I might worry a lot about being centered if this were rocket science, but it's not, so ....! Now if the bit wandered out the side or too close to the edge then there must be other problems to worry about. :biggrin:


----------



## Sylvanite (Jan 27, 2009)

I use a center bit also.  Likewise, if the hole has to be perfectly concentric, I will turn the piece round first and mount it in a Beall chuck.

Regards,
Eric


----------



## davinci27 (Jan 27, 2009)

I turn the blank round between centers the use a collet chuck to hold the blanks.  I generally turn 5-10 blanks round at a time then have them sitting around when needed.  I cut the blanks and then slide them into the collet chuck.  I leave just a little bit out of the chuck maybe 1/16 - 1/8 of an inch.

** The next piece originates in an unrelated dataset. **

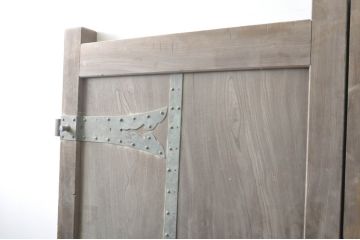 アンティーク建具　特大!!　極厚!!　総欅(ケヤキ)材　存在感のある銅金具の門扉1対2枚セット(蔵戸、玄関戸、両開きドア、木製扉)(R-080330)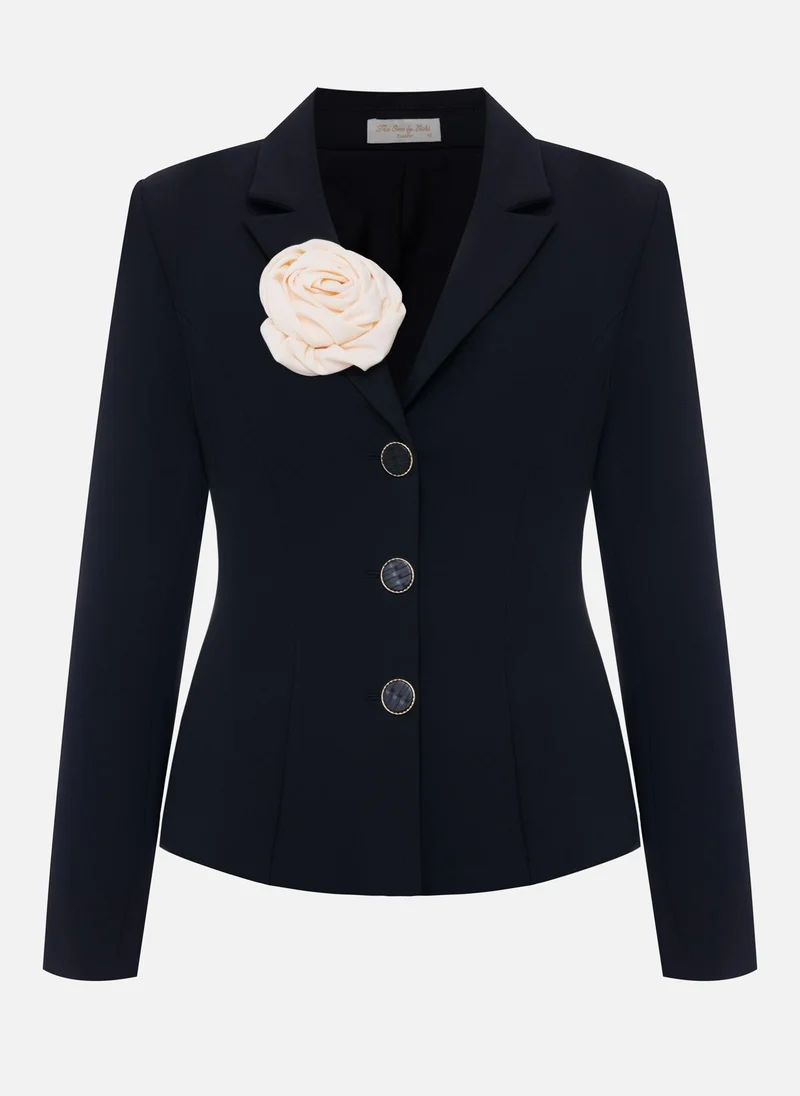 Lichi Fitted blazer with satin brooch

My favorite part about doing it this way is that I can use smaller blanks to make my pens.  The collet chuck distributes the pressure more evenly over the whole blank, so you can leave a pretty thin wall.


----------



## pipecrafter (Jan 27, 2009)

If you're having a lot of problems with the drill bit wandering, check to make sure the bit is sharp.  I've found that, with smaller bits up to about 1/4", if the bit isn't sharp it can wander, especially in harder materials.  Also, I hate brad point bits for the exact same reason.  I find they tend to wander, and I prefer plain jane HSS twist bits for 99% of the holes I make.


----------



## ribanett (Feb 3, 2009)

I drill all my blanks on a metal lathe.

I bore a 1/4" hole using my DP, and use a mandral to true it up on the metal lathe. Remove the mandrel and mount the blank in a three-point chuck, and bore to the size I need. I can drill dead-center because the 1/4' hole acts a pilot.


----------



## Glass Scratcher (Feb 3, 2009)

JerryS said:


> I use the same exact setup . I can't see how using a scroll chuck ( In Headstock ) like the Oneway and a Live center drill chuck ( in Tail stock)would work .  Please correct me if my setup is wrong .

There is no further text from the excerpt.